The problem:
Print the records below exactly as they appear. Omit all pictures.

Supplied entries section start

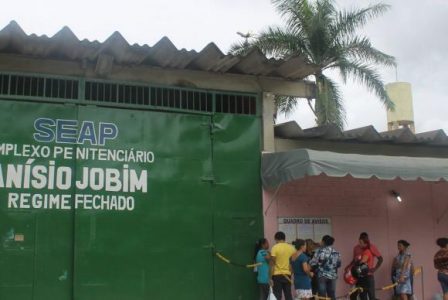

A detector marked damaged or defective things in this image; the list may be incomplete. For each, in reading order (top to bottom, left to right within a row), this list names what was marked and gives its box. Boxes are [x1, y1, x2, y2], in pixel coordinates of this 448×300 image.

rusted roof sheet [0, 20, 318, 80]
damaged roof [0, 20, 318, 80]
rusted roof sheet [274, 120, 448, 146]
damaged roof [274, 120, 448, 146]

Supplied entries section end

Solution to this task:
A detector marked damaged or defective things in this image; the list may be incomplete. For each, in reading order (top to bottom, left to right within a row), this list names what was marked and gives its box. Boxes are [x1, y1, x2, y2], in pixel coordinates of this 448×300 image.

rusted roof sheet [0, 20, 318, 80]
damaged roof [0, 20, 318, 80]
rusted roof sheet [274, 120, 448, 146]
damaged roof [274, 120, 448, 146]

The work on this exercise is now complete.